The members of the Committee will be nominated and appointed by, and will serve at the discretion of, the Board, considering the recommendations of its Nominating/Corporate Governance Committee. Subject to the limited exceptions under the rules and regulations of The Nasdaq Stock Market (“Nasdaq”) and the Securities and Exchange Commission (“SEC”), the Committee will consist of at least three (3) members of the Board who meet the following criteria (in each case to the extent that such requirements are effective from time to time):
- Each member will be an independent director in accordance with the applicable rules of Nasdaq and the rules of the SEC;
- Each member will be able to read and understand fundamental financial statements, in accordance with the applicable rules of Nasdaq and the SEC;
- At least one member will have past employment experience in finance or accounting, requisite professional certification in accounting, or any other comparable experience or background which results in the individual’s financial sophistication, including being or having been a chief executive officer, chief financial officer or other senior officer with financial oversight responsibilities, in accordance with the applicable rules of Nasdaq; and
- At least one member will be an “audit committee financial expert” in accordance with the applicable rules of Nasdaq and the SEC.

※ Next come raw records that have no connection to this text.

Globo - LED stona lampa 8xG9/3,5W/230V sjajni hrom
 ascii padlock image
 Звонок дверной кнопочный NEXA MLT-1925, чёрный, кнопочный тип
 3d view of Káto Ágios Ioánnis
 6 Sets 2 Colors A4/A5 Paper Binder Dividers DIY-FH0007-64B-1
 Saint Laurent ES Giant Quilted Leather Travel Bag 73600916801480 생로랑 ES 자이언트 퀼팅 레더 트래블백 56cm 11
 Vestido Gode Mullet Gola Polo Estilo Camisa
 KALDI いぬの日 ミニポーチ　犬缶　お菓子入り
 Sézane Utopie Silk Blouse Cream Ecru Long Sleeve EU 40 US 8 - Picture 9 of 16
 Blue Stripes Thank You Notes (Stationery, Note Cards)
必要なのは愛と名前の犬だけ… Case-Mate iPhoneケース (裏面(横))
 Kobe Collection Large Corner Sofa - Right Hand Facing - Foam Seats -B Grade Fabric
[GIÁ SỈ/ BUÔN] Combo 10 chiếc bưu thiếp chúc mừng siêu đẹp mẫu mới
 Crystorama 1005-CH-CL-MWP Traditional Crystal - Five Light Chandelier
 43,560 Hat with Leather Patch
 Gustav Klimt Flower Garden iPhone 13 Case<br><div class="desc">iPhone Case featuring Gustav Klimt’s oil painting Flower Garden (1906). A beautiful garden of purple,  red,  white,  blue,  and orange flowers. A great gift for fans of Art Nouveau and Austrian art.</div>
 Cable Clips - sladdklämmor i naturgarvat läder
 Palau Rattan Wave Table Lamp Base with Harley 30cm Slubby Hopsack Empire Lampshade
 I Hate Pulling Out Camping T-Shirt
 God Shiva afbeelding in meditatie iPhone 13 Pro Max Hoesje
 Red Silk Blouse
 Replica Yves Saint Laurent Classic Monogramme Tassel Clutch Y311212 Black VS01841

A director who is a present employee, or has been an employee within the past three (3) years, of the Company may not serve on the Committee.
Unless the chair of the Committee is elected by the full Board, the members of the Committee shall designate by majority vote of the full Committee one member of the Committee as the Committee’s Chairperson.
The Committee has the authority to undertake the specific duties and responsibilities listed below and will have the authority to undertake such other specific duties as the Board from time to time prescribes.
The Committee shall rely on the expertise and knowledge of the Company’s management, the Company’s independent auditors and, to the extent applicable, the Company’s internal auditors (or other persons responsible for the Company’s internal controls and audit function) in carrying out its oversight responsibilities. Management of the Company is responsible for ensuring that the Company’s financial statements are complete and accurate and prepared in accordance with generally accepted accounting principles. The Company’s independent auditors are responsible for auditing the Company’s financial statements. It is not the duty of the Committee to plan or conduct audits, to determine that the financial statements are complete and accurate and prepared in accordance with generally accepted accounting principles, or to assure compliance with laws and regulations or the Company’s internal policies, procedures and controls.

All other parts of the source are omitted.